Sitting inside their tent, my head still exhausted from so much Arabic yesterday, I kept wandering off in my mind. I was sitting on their hand made carpets from goat skin, wondering how a goat could have such rough hair. I wanted to itch my legs, I wanted to keep my legs from falling asleep, I wanted to lie down and rest. I could think of anything but the conversation at hand. Aida was in full form and went into the usual Palestinian politics with our hosts. They brought out some cheap perfume to spray us with (a custom I had never heard of before) and Aida was smart enough to say that she was allergic, and I was too slow to come up with an excuse, so I felt dizzy throughout the day until the smell eventually evaporated.
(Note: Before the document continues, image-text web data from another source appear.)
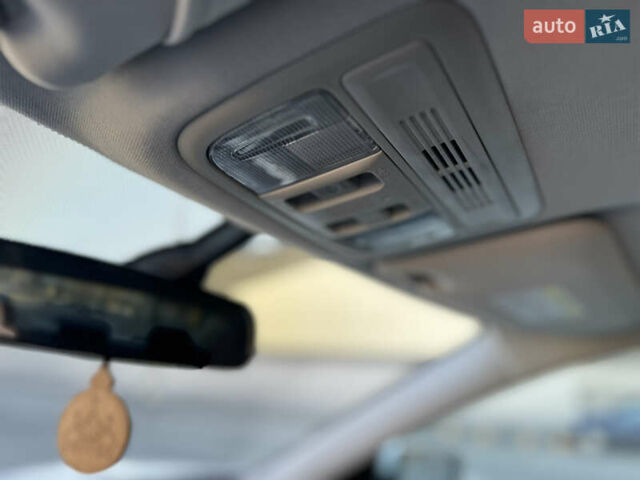 Белый Хонда Цивик, объемом двигателя 1.6 л и пробегом 109 тыс. км за 14300 $, фото 38 на Automoto.ua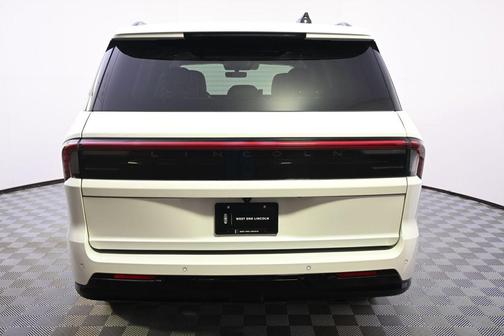 Pristine White Metallic Tri-Coat 2026 Lincoln Navigator Reserve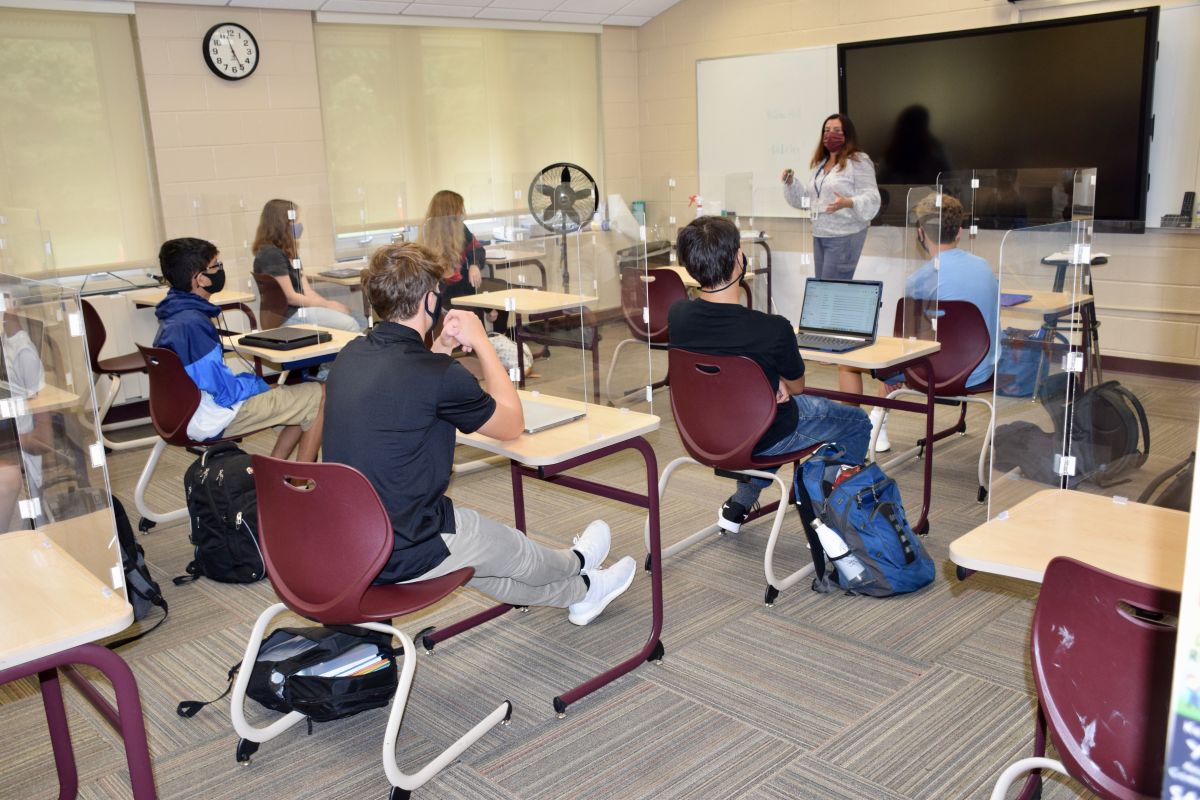 Saddle River Day Students Return to Campus | SRDS News - Saddle River Day School saddle-river-day-students-return-to-campus-srds-news-saddle-river-day-school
Amer and his family walked us around his little "village," a collection of tents really that they had put up behind the old dam. They seemed to move every few years. We tasted his fresh made laban (yogurt) which was still fermenting, we met an old lady who they said was losing her mind. I think Aida snuck a picture of her even! They showed us their goats. They were so proud to share with us their life. It was so heart warming.

We went to the new dam with Amer and his family and friends. They shot their rifles, entertained, like little children, at the echo of the bullets whizzing through the sky. It was unbearably loud (and boring).

After fixing up some papers (through the wastas - connections - of Amer, Abdel Karim and others) and going back and forth to the police station and haggling over the cab ride, we finally got the two front seats on the taxi. Aida and I were on top of each other, but lucky enough to have one of the only operational windows in the car! Again because of the attempt to keep tourists out, even exit permits were needed from this province. Having had no entry permit, we had to rely on our newly made friends to get us some fake ones. They had to specify the drop off point in Sana'a for which the cab driver would be held liable if anything were to happen to us. Since we didn't know the address of the friend we were staying with (who lived in a trailer camp off site from his company anyway) they came up with a hotel name.

The cab ride was endless with the slowest taxi driver one could ever imagine! He constantly would check out his hair and his teeth from the side mirror (neither of which he had to bother for, his teeth were green with qat and quite decayed, and his hair or what was left of it, was always messy), leaning completely out of the car while taking curves, swaying the car all the way into the other lane - on a curve! Many times Aida and I thought we were going to either crash onto an oncoming truck or fall off the cliff. The only grace was he was driving at 20 k/hr, so it wasn't like we were going to crash! A cab ride that is supposed to take 3 hours took us 6. Now it's hilarious looking back but it was frustrating. When we got to Sana'a, he refused to take us anywhere but the Sheraton Hotel because that's what our "fake" paper from this morning said.

Abdo (a friend of a friend who works at the same company as Aida, and our fathers before her, some twenty or thirty years ago) came and picked us up and we signed a "release form" to the slowpoke taxi driver to rest his mind... We went back to the CCC Camp and had some fish dinner at this awesome local place – every person gets an entire fish of their own, skin, head, the whole thing; it's cut split open and laid on the wall of a clay oven and served with a hot sauce. It's strange to see "modern Yemen" – I don't like it as much. It's not as exotic, as mystical… certainly not what I came to see. From that respect it seemed like any other Arab capital.